Photo by e g g via Creative Commons
Bruce Clay was here last week conducting his SEO Training Course and sharing his knowledge with us Sydney folk. One idea he spoke of was his belief of Bing’s growing importance to search engine marketing. And, although it’s still in its infancy, Bing should certainly be on our radar. That same day a post on Search Engine Land reiterated Bing’s rise, albeit still quite small. Another interesting point Bruce made was about the “diverting of the search engines.” Ranking well in one doesn’t necessarily mean you’ll rank well in the other. The example Bruce gave was of his own site, for “search engine optimization” he ranks really well in Google (first page 24th March 2010) but not too well in Bing (fourth page 24th March 2010).
Now, after hearing these comments from Bruce, I was reminded of an article I was reading a few weeks ago. The post details a research study examining the behaviour of people who use different search engines. Yahoo and Google appeal to a more mainstream type person, whereas Bing is popular with the more innovative people.

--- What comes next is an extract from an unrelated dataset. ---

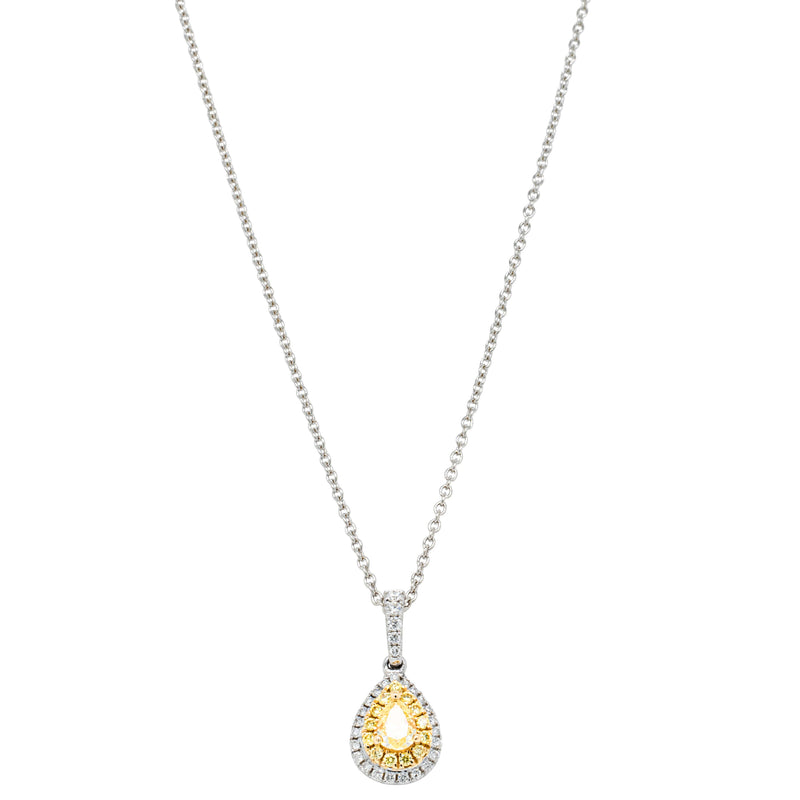 18ct White & Yellow Gold .29ct Yellow Diamond Pendant-Necklace-Walker & Hall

If a search engine (Bing), appeals to a different type person (innovators), they could start to take advantage of this. They could cement core followers with this demographic.
So let me recap. Bing could become an important player (it is growing in market share), Google and Bing tend reward higher rankings to different sites, and different search engines appeal to different types of users.
If the search market share is to even out (which should happen eventually), us search engine marketers could find ourselves dealing with the same problems other marketers face. This will force us down the road of knowing our target audience even more, beyond the intent of the search query to the character of the inquirer from a particular search engine.
The problem is that I see a vastly different scenario from our tradition media friends. A print marketer can create a different ad for a different audience and post it where the people they want to see it will view the ad. If the response isn’t great, they can change the style and location of the ad. Websites, on the other hand, aren’t as easily discarded as an unsuccessful print ad. A website isn’t a catchy, attention grabbing thing per se; it’s more of a property, an online store front, something much more difficult to move.
Essentially, a site may find they’ve set up shop in the wrong area, needing to sell ice to Eskimos.
I think this situation could be tricky for SEO Practitioners. One size won’t fit all, and we’re left with an apples and oranges situation. PPC could be a quick fix, but probably not a great, long term approach. We may find an SEO strategy begins with a demographics study of search engine users for selecting the most appropriate search engine to optimise for.